Archive

Archive for the ‘Hadoop’ Category

Hadoop and Cloud

November 13, 2010 Leave a comment

When I first heard of Hadoop, it was in conjunction with cloud computing. After reading extensively about cloud technology, I had to wonder how Hadoop was related to cloud. To find that, let me first talk about what Hadoop is.

Apache Hadoop is a framework for running applications on large clusters built of commodity hardware. The Hadoop framework transparently provides applications both reliability and data motion. Hadoop implements a computational paradigm named Map/Reduce, where the application is divided into many small fragments of work, each of which may be executed or reexecuted on any node in the cluster. In addition, it provides a distributed file system (HDFS) that stores data on the compute nodes, providing very high aggregate bandwidth across the cluster. Both Map/Reduce and the distributed file system are designed so that node failures are automatically handled by the framework.

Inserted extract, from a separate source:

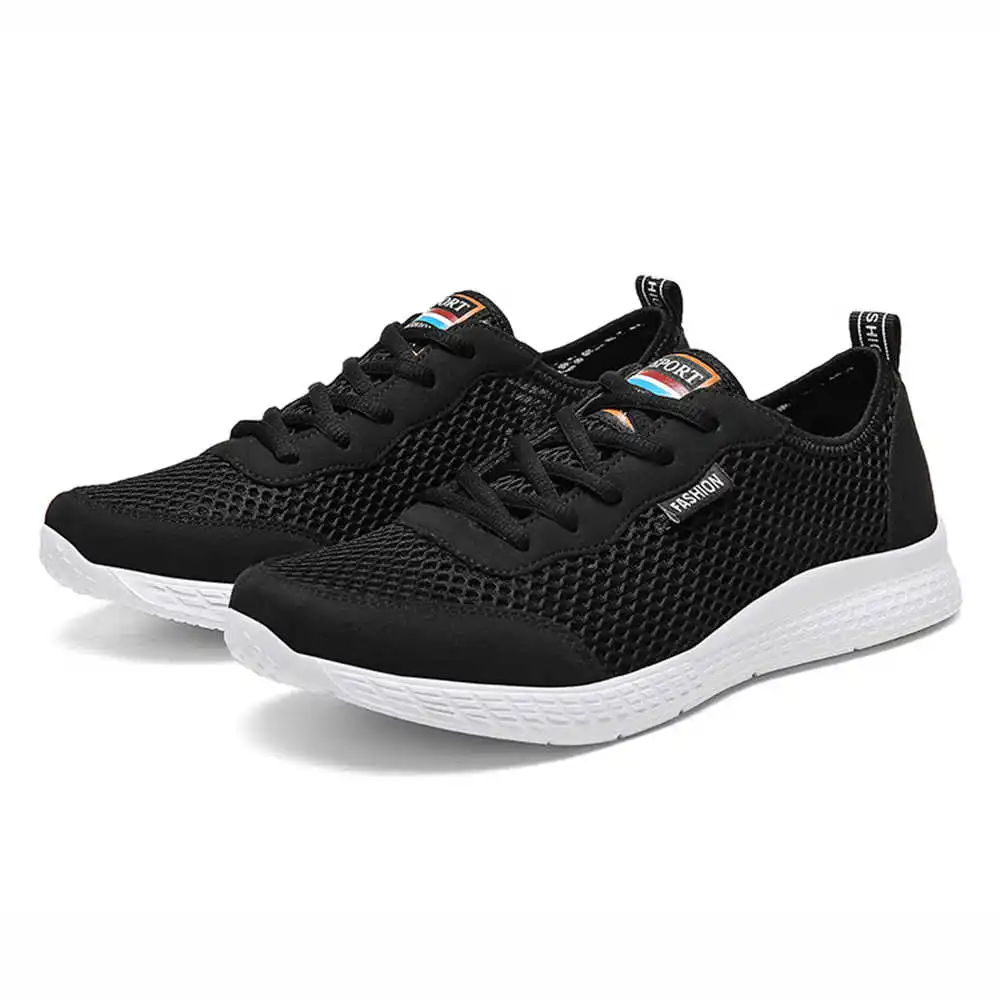 35-46 Ademende Lichtblauwe Sne - Tech Office Wear Men recensie en prijs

But the main thing to keep in mind is that Hadoop does not replace a database. Hadoop stores data in files, and does not index them. It works with very large datasets by using a distributed filesystem.

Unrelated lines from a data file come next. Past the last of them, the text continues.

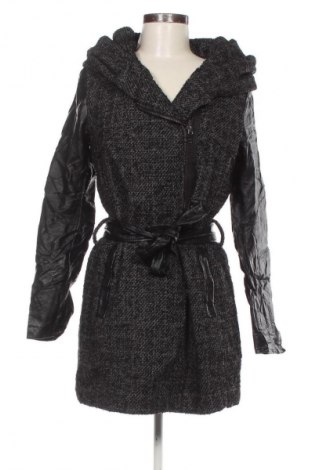 Női kabát ONLY, Méret L, Szín Szürke, Ár 9 929 Ft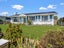 34 Herbert Avenue, Cloverlea, Palmerston North - Carousel 30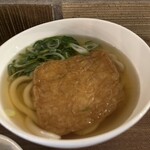 道頓堀 今井 大丸心斎橋店 -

All of the major cloud players are working with Hadoop in their cloud environment. Yahoo has a great presentation on Hadoop at http://www.slideshare.net/darugar/cloud-computing-hadoop-presentation

A fellow cloud enthusiast raised that same question – What does Hadoop have to do with Cloud?

In short, Hadoop is a great framework that works well with cloud environment and complements it, but that does not mean you cannot have Hadoop on your Linux OS.